Toni Nadal, zio e storico allenatore di Rafa, ha concesso un’intervista a Flashscore nel corso della quale ha inevitabilmente parlato degli ultimi giorni della carriera del nipote, che saluterà per sempre il tennis giocato a Malaga, in occasione delle Finali di Coppa Davis (in programma dal 19 al 24 novembre). Toni, che prima di dedicarsi a tempo pieno all’Academy di Maiorca, ha accompagnato Rafa al trionfo nei primi 16 tornei dello slam della vita, non ha vissuto il ritiro del nipote come uno shock, ma ammette che quello di Malaga sarà un momento speciale, da vivere con gli occhi lucidi: “Sarà indubbiamente un momento emozionante. Chiudere una tappa di oltre 20 anni, la tua, nel tennis professionistico, e farlo improvvisamente, è difficile. Ma, d’altra parte, eravamo pronti, sapevamo che questo momento doveva arrivare e che era molto vicino. Quindi, l’abbiamo presa come una cosa normale”.
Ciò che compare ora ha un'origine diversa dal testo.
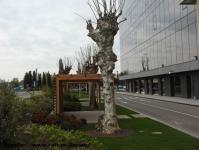 Imagine atasata: Openville - 2017.04.23 - 17.jpg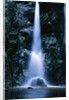 Waterfall in Pfeiffer Big Sur State Park, California by Anonymous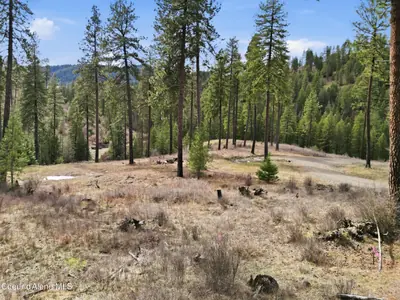 2304 Blue Creek Rd (Lot 2 & Lot 3)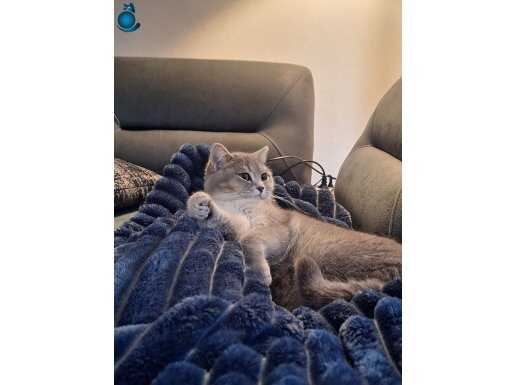 British Shorthair Ücretsiz Sahiplendirme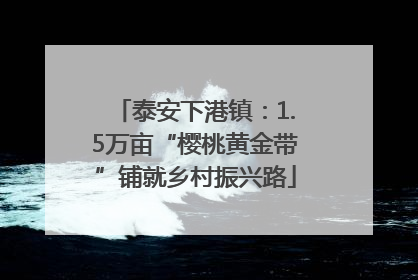 泰安下港镇：1.5万亩“樱桃黄金带”铺就乡村振兴路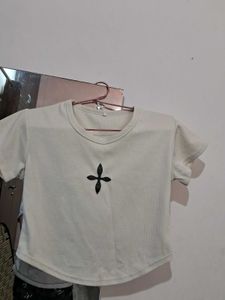 Beige Embroidered Top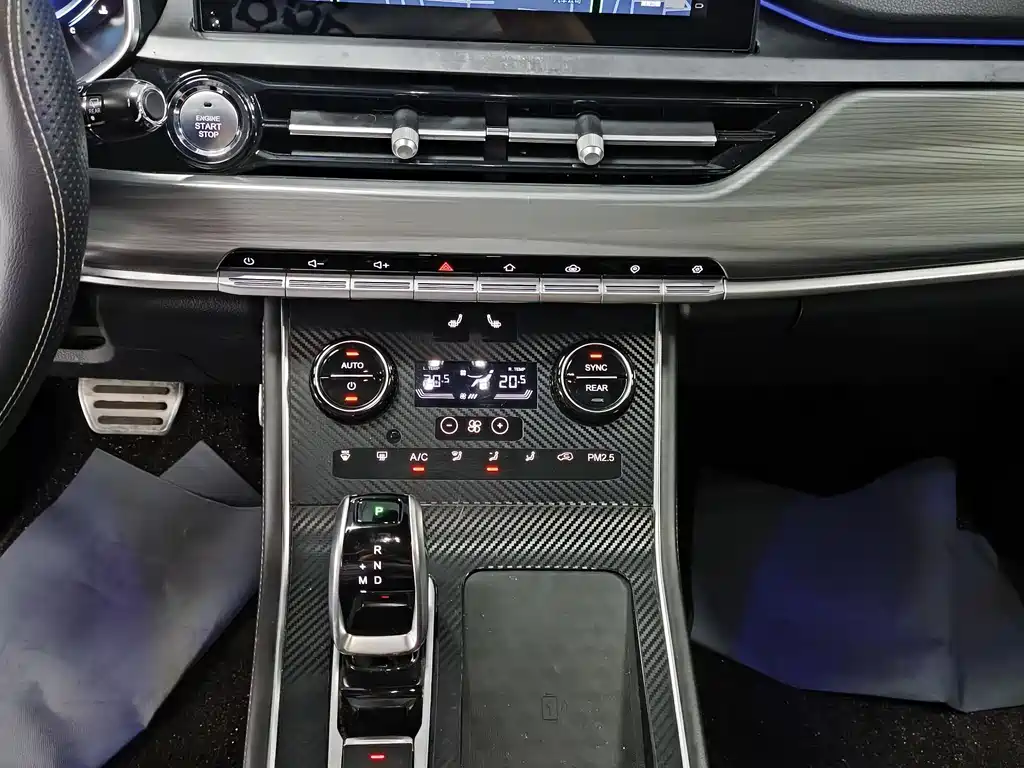 Tiggo 8 瑞虎8 2020款 290 TGDI 自动尊贵版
Rafa ha cercato in tutti i modi di godersi l’ultimo ballo, cercando di tornare competitivo. Gli ultimi mesi della carriera non hanno però reso onore a uno dei più grandi campioni della storia, e qualche tifoso non ha apprezzato un finale un po’ amaro: “Le persone tendono sempre a incolpare gli altri per cose che non fanno loro stessi” ha commentato saggiamente Toni, perchè il ritiro è una cosa personale, e noi non siamo nessuno per giudicare il ritiro degli altri.
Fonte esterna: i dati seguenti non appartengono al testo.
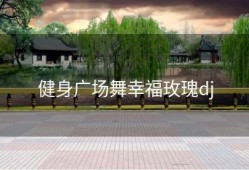 健身广场舞幸福玫瑰dj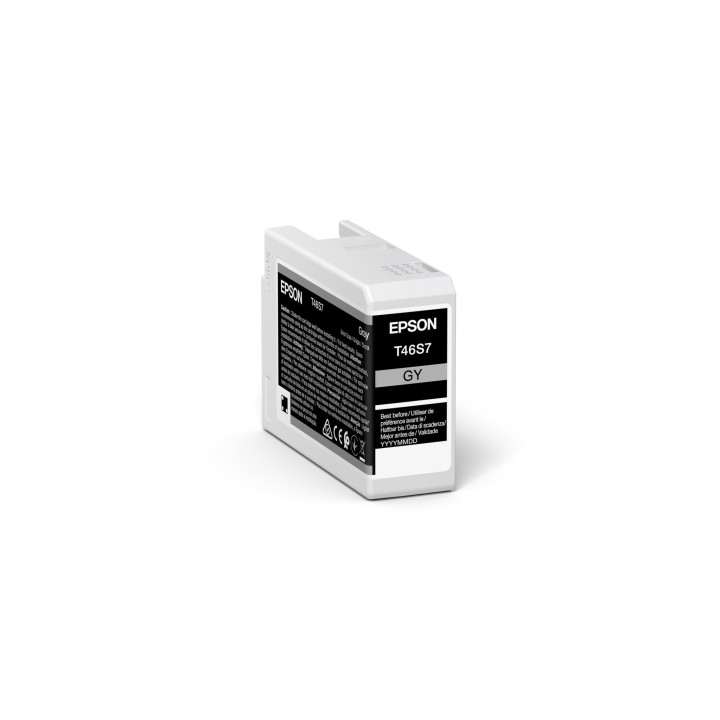 Epson UltraChrome Pro cartouche d'encre 1 pièce(s) Original Rendement standard Gris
“Per Rafael è stato difficile ritirarsi perché, per chiunque, smettere di fare un’attività che ti piace e che hai fatto per molti anni, è complicato. In seguito, mio nipote ha vissuto un’altra realtà: per anni ha vissuto con problemi, con infortuni che è sempre riuscito a superare. Questa volta non è stato così, sebbene lui ci sperasse. Non è successo e quando ha capito che era impossibile, si è ritirato. Ma avrebbe voluto continuare, ovviamente”.
Zio Toni – che continua a chiamare il nipote Rafael, senza il vizio del soprannome – ha analizzato, in generale, il ruolo dell’allenatore, che deve diventare una guida, e il rapporto tra l’allenatore e il giovane talento: “Chiaramente quando sei giovane attraversi un processo di formazione e poi quando raggiungi l’élite le cose cambiano. Sono stato un allenatore molto esigente, ma ho sempre cercato di trasformare questa richiesta in autoesigenza. Alla fine è il giocatore che dice dove vuole andare. L’allenatore accompagna, cerca di motivare quando è necessario, ma è una questione personale per ogni individuo. Lo sport agonistico è impegnativo e bisogna esserne consapevoli”.
E – a proposito di giovani talenti- possiamo dire che quella di Malaga sarà la fotografia del passaggio di consegne tra due compagni di squadra: il grande campione Rafa e il giovane erede Alcaraz. Toni non ha dubbi: “Alcaraz è già da qualche anno tra i migliori al mondo. È un grande giocatore e credo che, fortunatamente per gli spagnoli, abbiamo un giovane che ci darà grandi soddisfazioni e che ci farà divertire in molte domeniche di finali importanti”.
In chiusura un pensiero sul rapporto di odio, invidia e amore tra la città di Parigi – certamente la copertina della storia di Rafa – e il campione di Manacor, dalla noia del dominio al grande omaggio delle Olimpiadi: “Il primo anno, nel 2005, non ha avuto alcuna ostilità. Penso che dopo, quando ha iniziato a vincere così tanto, la gente non voleva vedere vincere sempre lui. Ma credo che alla fine il pubblico francese si sia arreso al comportamento di Rafael, perché nella vita non conta solo vincere, ma anche come si vince. Credo che Rafael lo abbia fatto molto bene ed è per questo che la Francia è cambiata, a tal punto da concedergli l’omaggio che gli hanno tributato alle Olimpiadi”.